If it comes to a push, GoSL may print rupees and honour such commitments, ie the guarantee that comes in investing in T Bills and T Bonds. But foreigners are not interested in rupees, they are interested in profits, which is the natural psyche of an investor, whether he be foreign or local.
But if there is a fear of an exchange rate (ER) risk due to the aforesaid reasons, which may not only result in such inflows being reduced to a trickle, but foreigners exiting their investments in the island, whether it be from the stock market or from the government securities market and even from their FDI, the first two will have an immediate impact on the ER, causing it to depreciate, thereby eroding profits in foreign exchange (forex) terms, such fears don’t give peace of mind to foreign investments in T Bills and Bonds.

Disastrous will it be not only for the ER, but for the economy as a whole, if such circumstances, such events, lead to the exodus of foreign investments in GoSL securities as well.
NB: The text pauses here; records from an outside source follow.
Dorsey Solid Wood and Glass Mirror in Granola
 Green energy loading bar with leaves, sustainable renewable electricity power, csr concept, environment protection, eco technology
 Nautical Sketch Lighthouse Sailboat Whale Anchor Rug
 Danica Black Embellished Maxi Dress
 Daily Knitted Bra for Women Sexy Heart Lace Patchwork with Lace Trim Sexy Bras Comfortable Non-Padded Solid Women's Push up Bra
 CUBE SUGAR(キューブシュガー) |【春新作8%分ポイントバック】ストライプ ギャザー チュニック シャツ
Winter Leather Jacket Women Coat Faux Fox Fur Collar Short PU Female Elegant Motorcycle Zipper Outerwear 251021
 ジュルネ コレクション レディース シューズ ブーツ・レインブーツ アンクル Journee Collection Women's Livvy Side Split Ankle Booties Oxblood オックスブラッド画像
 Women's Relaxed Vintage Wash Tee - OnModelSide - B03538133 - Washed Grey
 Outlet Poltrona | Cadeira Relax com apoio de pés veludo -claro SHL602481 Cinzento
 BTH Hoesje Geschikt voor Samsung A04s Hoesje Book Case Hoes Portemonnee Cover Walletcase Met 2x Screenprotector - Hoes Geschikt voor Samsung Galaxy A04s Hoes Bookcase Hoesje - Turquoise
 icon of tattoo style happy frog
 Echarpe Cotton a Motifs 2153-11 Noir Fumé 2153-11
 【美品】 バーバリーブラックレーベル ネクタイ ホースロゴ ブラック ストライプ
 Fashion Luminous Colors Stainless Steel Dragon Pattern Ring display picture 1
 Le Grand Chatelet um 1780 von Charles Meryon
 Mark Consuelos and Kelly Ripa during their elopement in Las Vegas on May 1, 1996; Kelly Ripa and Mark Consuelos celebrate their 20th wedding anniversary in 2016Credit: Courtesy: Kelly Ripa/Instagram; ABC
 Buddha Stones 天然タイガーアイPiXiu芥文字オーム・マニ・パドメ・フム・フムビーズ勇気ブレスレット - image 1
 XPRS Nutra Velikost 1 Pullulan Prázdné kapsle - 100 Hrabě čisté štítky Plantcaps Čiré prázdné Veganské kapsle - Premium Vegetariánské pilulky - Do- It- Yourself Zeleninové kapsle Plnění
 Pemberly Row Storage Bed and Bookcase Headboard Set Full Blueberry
And if foreigners start withdrawing from the government securities market, that will not only have a negative impact on yields (interest rates), but will also boomerang on the ER, causing it to depreciate.

So these are the ramifications that may/are besetting the stock market, the money market and the forex market due to the 2nd US resolution on alleged HR abuse by the GoSL and of its non investigation, to be tabled at the UN’s HR sessions in Geneva next month and possibly made worse by GoSL placing a ban on foreign ownership of local properties, even if they may be freehold.

On the issue of the non receipt of the $ 1.5billion IMF loan and its impact on the bourse: GoSL has its own expenditure programme for which commitments have to be met and kept. With no fresh infusion of money forthcoming from the IMF at least in the near future, this would mean the GoSL will have to borrow from the money market to meet these commitments, thereby causing a strain on market liquidity.
When the money market is not so liquid, that tends to make interest rates to appreciate, thereby making the fixed income market a better proposition for investment rather than the bourse, thereby placing another nail on the coffin which is the bourse.
However a rising interest rate environment brings with it its own set of problems as elaborated on these pages before.  It tends to make investors to either abandon their programmes, or to place them on hold, thereby retarding development and heaping more burdens on the suffering masses of this country.